Tianze Environmental TZ-SW3A Non-Contact Radar-Based Open-Channel Flow Monitoring System
| Brand | Tianze Environmental |
|---|---|
| Model | TZ-SW3A |
| Measurement Principle | K-Band Planar Array Radar (24 GHz) |
| Water Level Range | 0.1–40 m |
| Water Level Accuracy | ±5 mm |
| Water Level Resolution | 1 mm |
| Surface Velocity Range | 0.15–15 m/s |
| Velocity Accuracy | ±2% of reading |
| Velocity Resolution | 0.01 m/s |
| Rainfall Intensity Range | 0–4 mm/min |
| Rainfall Accuracy | ±0.2 mm |
| Rain Collector Orifice | Ø200 mm |
| Operating Temperature | −35 °C to +60 °C |
| Storage Temperature | −40 °C to +60 °C |
| Enclosure Rating | IP68 |
| Power Supply | 12 V DC (100 mA operational, <1 mA standby) |
| Output Interface | RS485 / MODBUS RTU |
| Communication Protocols | HJ-212, HTTP, TCP |
| Solar Power Option | 100 W panel + 3.7 V / 10 Ah LiFePO₄ battery |
| Mounting | 3 m vertical pole + 3 m horizontal arm |
Overview
The Tianze Environmental TZ-SW3A is an integrated, non-contact open-channel flow monitoring system engineered for continuous, unattended hydrological observation in natural and engineered water conveyance systems. It employs 24 GHz K-band planar array radar technology to simultaneously acquire surface water level and surface velocity—two fundamental parameters required for real-time discharge computation. Unlike ultrasonic or pressure-based sensors, the TZ-SW3A operates without physical contact with the water surface, eliminating risks of fouling, corrosion, or mechanical drift. Its measurement principle relies on coherent Doppler shift analysis for velocity and time-of-flight (ToF) radar ranging for level detection—both inherently insensitive to ambient temperature gradients, atmospheric humidity, suspended solids, floating debris, foam, or surface turbulence. The system computes instantaneous volumetric flow rate using the continuity equation: Q = Vavg × A × C, where Vavg is derived from calibrated surface velocity profiles, A is the wetted cross-sectional area calculated from real-time water level and pre-configured channel geometry, and C is a site-specific hydraulic correction factor. Designed for long-term deployment in remote or harsh environments, the TZ-SW3A meets field durability requirements for flood forecasting, irrigation management, wastewater infrastructure monitoring, and regulatory compliance reporting.
Key Features
- True non-contact operation using dual-mode K-band radar: independent, simultaneous acquisition of water level and surface velocity
- IP68-rated ruggedized enclosure rated for continuous outdoor exposure across −35 °C to +60 °C operating range
- Low-power architecture supporting solar-battery hybrid power supply (100 W PV panel + 3.7 V/10 Ah LiFePO₄ battery)

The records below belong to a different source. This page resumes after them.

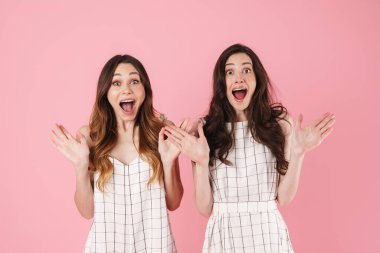 Şaşırtıcı güzellikteki kadınlar pembe arka planda izole edilmiş elleri kusarak şaşkınlıklarını dile getiriyorlar.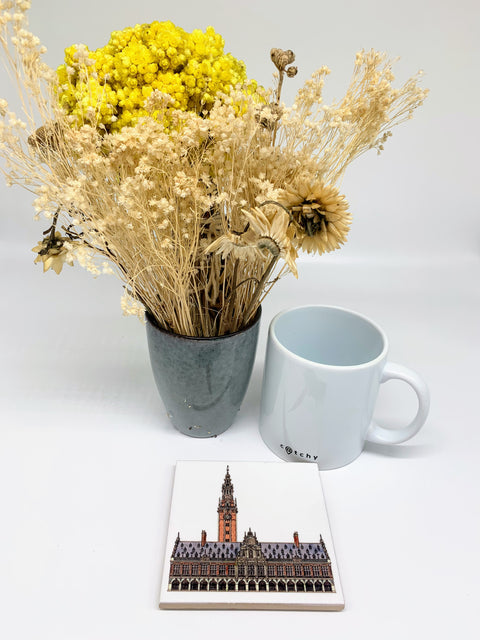 Ceramic coaster featuring a detailed illustration of the University Library and tower on a glossy white background.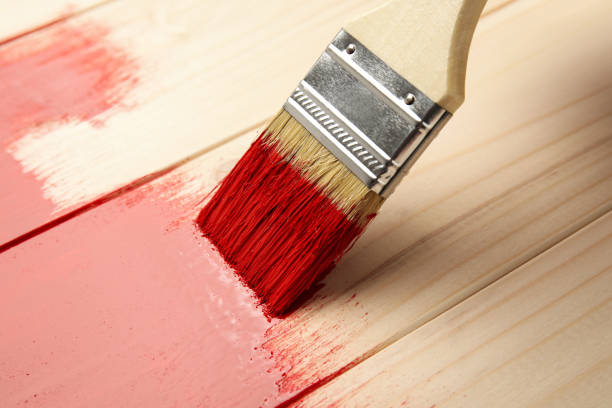 istock Painting wooden surface with red dye, closeup 1325013947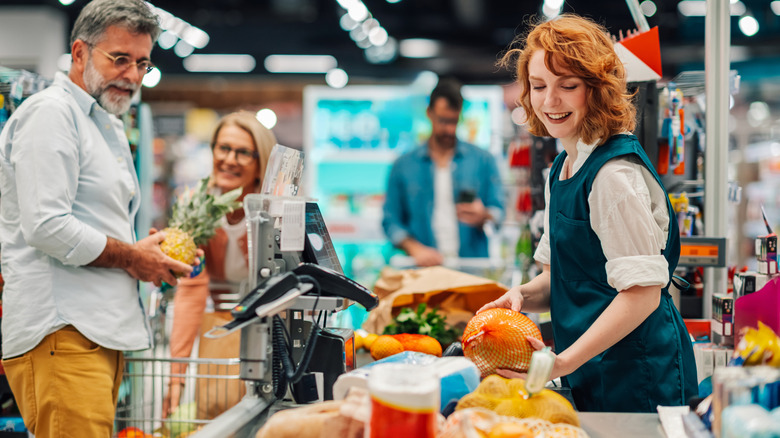 A man handing his groceries to the cashier at a grocery store checkout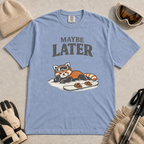 Washed denim blue t-shirt featuring a relaxed red panda in ski goggles lying beside a snowboard beneath the words “Maybe Later.”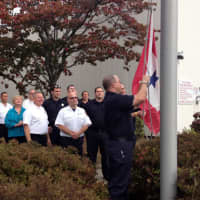 <p>Westport Firefighter Pete Nichio lowers the Blue Star Service Flag that flew outside fire headquarters while he was overseas.</p>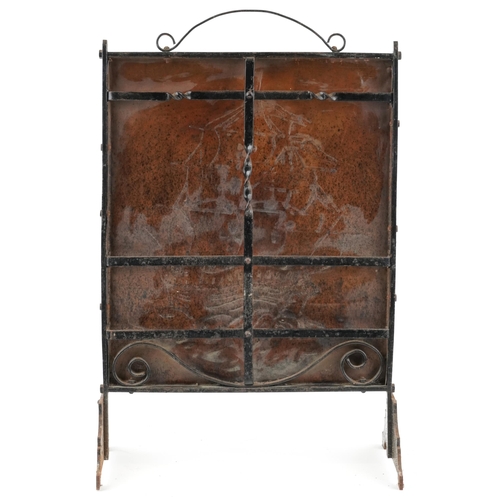 109 - An Edwardian Arts & Crafts copper and wrought iron fire screen circa 1910, the rectangular panel emb...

- Self-contained flow calculation engine with configurable hydraulic models (e.g., Manning’s equation, user-defined stage-discharge curves)

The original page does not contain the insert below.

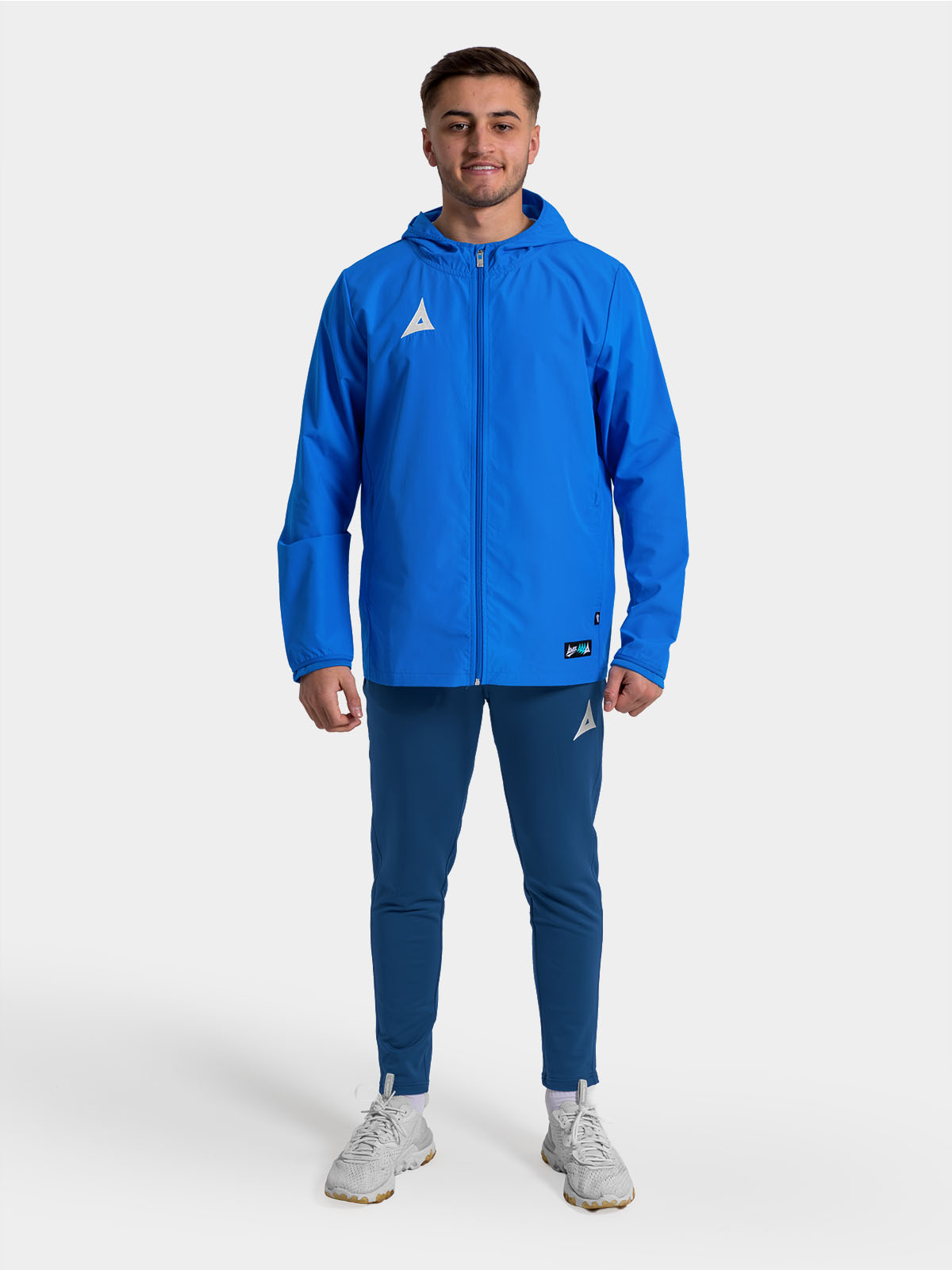 	full-body view of a player in the royal blue focus 2 shell jacket, ideal for pre-match warm-ups.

- Integrated tipping-bucket rain gauge (Ø200 mm orifice) compliant with WMO Class B specifications
- Modular mounting design: 3 m vertical mast + 3 m cantilevered arm enables optimal beam alignment over trapezoidal, rectangular, or irregular channels
- On-device parameter configuration via web-based interface—no proprietary software or local installation required
Sample Compatibility & Compliance
The TZ-SW3A is validated for use in diverse open-channel geometries including concrete-lined irrigation canals, earthen riverbanks, reinforced stormwater conduits, and partially filled underground drainage pipes. It supports standard hydraulic cross-section definitions (e.g., trapezoidal, triangular, parabolic, custom polygonal) and accommodates variable roughness coefficients per ISO 14310:2017 (Hydrometry – Velocity-area methods for open-channel flow measurement). While not certified to IEC 61508 or SIL standards, its hardware architecture conforms to EN 60529 (IP68), and its data output protocols—including HJ-212 (China’s Environmental Monitoring Data Transmission Standard) and MODBUS RTU—are compatible with SCADA-level integration into municipal water management platforms. For regulatory reporting under China’s “Technical Specification for Automatic Monitoring of Surface Water Quality” (HJ 91.2–2022), the system provides traceable timestamps, audit-ready data logs, and configurable alarm thresholds aligned with GLP-aligned field data integrity practices.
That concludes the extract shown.